In Dec. 2012 I decided to retire and moved my remaining machines home, among them a Bridgeport 2J Varidrive. For the move I removed the head from the ram, laid it on it's side, and strapped in down on some cardboard and blocks in the bed of my pick-up. Once home I reinstalled the head and set up a VFD to run the machine on single phase. While testing I find a dowel pin laying in a tee slot on the table that I swear was not there when I cleaned the machine before the move. The pin measures 2" X .625" and I find no reference to such  in the manual. I'm thinking it could be a pivot pin for the head to swivel from side to side or it doesn't belong to the machine. I haven't removed the head to check.  That's part of the mystery.

Sense then I have not used the mill, only running the motor every 4 to 6 months in an apparently unsuccessful attempt at  preventing the belt from taking a set. Now I am wanting to get it running for a project and I discover that there's a problem with the quill feed. I can only remember using quill feed 2 or 3 times in the 15 or so years I've owned the machine but it worked. What I now find is the quill feed selector which normally has three positions, up, back towards the motor, and down now is pointed forward away from the motor and will only move about 15 degrees down. In the forward position the quill moves but can be stopped with a little pressure on the hand wheel as if being moved by friction rather than a positive engagement. During the move the head remained stationary so I don't believe the lever was hit or was under any pressure. I will remove the cluster gear cover for a look before tearing it down.
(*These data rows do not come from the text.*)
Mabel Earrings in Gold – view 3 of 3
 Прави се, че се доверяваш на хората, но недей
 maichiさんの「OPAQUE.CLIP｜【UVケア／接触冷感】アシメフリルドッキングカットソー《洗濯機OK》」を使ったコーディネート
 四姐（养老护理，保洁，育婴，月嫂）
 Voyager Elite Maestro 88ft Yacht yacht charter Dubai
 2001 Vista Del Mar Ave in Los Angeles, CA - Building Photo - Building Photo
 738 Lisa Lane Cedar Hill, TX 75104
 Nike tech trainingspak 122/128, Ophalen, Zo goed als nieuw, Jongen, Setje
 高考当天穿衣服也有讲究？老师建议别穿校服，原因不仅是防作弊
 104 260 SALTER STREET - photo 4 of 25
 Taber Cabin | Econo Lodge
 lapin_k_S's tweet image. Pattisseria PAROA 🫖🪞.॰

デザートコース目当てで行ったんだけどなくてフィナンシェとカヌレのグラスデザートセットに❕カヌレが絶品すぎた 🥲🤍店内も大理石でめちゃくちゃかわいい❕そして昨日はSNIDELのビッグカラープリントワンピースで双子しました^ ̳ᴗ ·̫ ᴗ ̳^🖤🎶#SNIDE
Any ideas would be appreciated. 

Doug


----------



## MuchMach (Oct 12, 2015)

dfletch said:


> In Dec. 2012 I decided to retire and moved my remaining machines home, among them a Bridgeport 2J Varidrive. For the move I removed the head from the ram, laid it on it's side, and strapped in down on some cardboard and blocks in the bed of my pick-up. Once home I reinstalled the head and set up a VFD to run the machine on single phase. While testing I find a dowel pin laying in a tee slot on the table that I swear was not there when I cleaned the machine before the move. The pin measures 2" X .625" and I find no reference to such  in the manual. I'm thinking it could be a pivot pin for the head to swivel from side to side or it doesn't belong to the machine. I haven't removed the head to check.  That's part of the mystery.
> 
> Sense then I have not used the mill, only running the motor every 4 to 6 months in an apparently unsuccessful attempt at  preventing the belt from taking a set. Now I am wanting to get it running for a project and I discover that there's a problem with the quill feed. I can only remember using quill feed 2 or 3 times in the 15 or so years I've owned the machine but it worked. What I now find is the quill feed selector which normally has three positions, up, back towards the motor, and down now is pointed forward away from the motor and will only move about 15 degrees down. In the forward position the quill moves but can be stopped with a little pressure on the hand wheel as if being moved by friction rather than a positive engagement. During the move the head remained stationary so I don't believe the lever was hit or was under any pressure. I will remove the cluster gear cover for a look before tearing it down. Any ideas would be appreciated.
> 
> Doug


Doug, for some reason I am thinking that the pin you found in the slot of the table is the locking pin for the head. This pin is on the left side of the head and, since the head is so top heavy, prevents the head from spinning more than 20+ degrees without a conscious decision from the operator.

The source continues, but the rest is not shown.